Like elsewhere [20, 21], in Benin, the main potential risk factors of HR-HPV were younger age, gonorrhea as well as vaginal douching. Multiple sexual partners and immature cervix producing inadequate cervical mucus are known factors increasing the likelihood of acquiring HPV infection in young women [34, 35]. Similarly, the associations between HR-HPV and could partly be explained by risky behavior or because of the chronic inflammation caused by this infection, which would facilitate the acquisition of HPV [36, 37]. On the other hand, the relationship between vaginal douching and higher rates of genital infections, including STIs/HPV, is well documented in the general population [38, 39]. Supporting these findings are local immune system disturbance and removal of the cervical mucus protective barrier [40]. In contrast, a study in Cambodia found less HPV infections in FSWs practicing vaginal douching just after sexual intercourse [41]. Such controversies, combined with the rarity of studies exploring the link between HPV infection and vaginal douching among FSWs, despite its common practice among this population in SSA [42], suggest the need for additional studies.
In Mali the highest prevalence of HR-HPV was observed in home-based FSWs. While the relation between HIV infection and sex work place is well documented [43], little is known about the link between HPV infection and sex work place. Differences in number and social categories of sexual partners, prevalence of other STIs, cumulative exposure according to place of sex work could potentially explain our findings. As reported elsewhere [44], shorter sex work duration association with increased HPV prevalence shares a mechanism similar to that of younger age. Our analysis revealed a moderate association between HIV and HR-HPV infections. Supporting this finding is the HIV-induced immunosuppression that can increase the susceptibility to virus acquisition as well as the inability to eliminate HPV infection [45, 46]. Unexpectedly, we noted an inverse association between the high number of sexual partners and HPV infections.
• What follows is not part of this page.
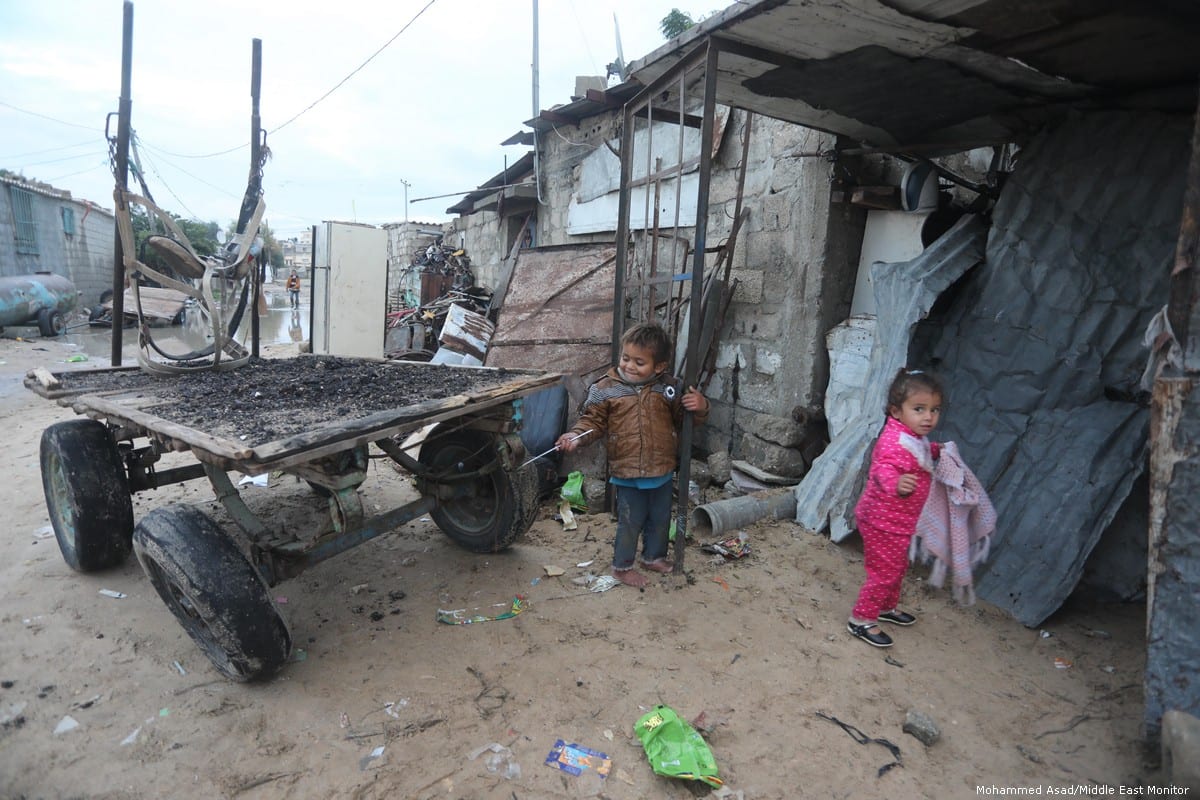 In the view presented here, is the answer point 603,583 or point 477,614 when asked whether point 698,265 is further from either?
point 477,614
This is probably due to the high HIV prevalence among FSWs with < 5 clients as observed in our data publish elsewhere [25].
Limitations
We studied the epidemiology of HPV infections among FSWs from a convenience sample. To minimize selection bias, we used different recruitment approaches either by the PEs or FSW leaders. In addition, self-reported information on risky behaviors such as number of sexual partners, age at first sexual interaction, etc., may be subject to recall and social desirability bias. Indeed, due to stigma or social desirability, this information collected may be underestimated. However, such misclassification bias would be limited in our study since the data were collected by trusted qualified interviewers. Failure to measure certain variables could cause residual confounding in our analyses on risk factors. To deal with this bias, we adjusted for a large number of potential confounding variables based on the literature. Furthermore, the associations we found between several factors and HR-HPV cannot be viewed as causal because of the cross-sectional nature of the data. In addition, although our results reflect current HPV infection status, the lack of information about HPV antibodies in the serum, which is reported to be a marker of past infections [47], constitute another limitation of this study. Finally, our results may not be generalizable to other FSW populations in West Africa because of the different characteristics observed in FSWs.
Implications
Understanding the distribution of HPV genotypes among FSWs is crucial to estimating the burden of HPV infections as well as the future impact of HPV vaccines within this high-risk group. The high prevalence of HR-HPV and other STIs/HIV found among FSWs implies an increased risk of cervical cancer.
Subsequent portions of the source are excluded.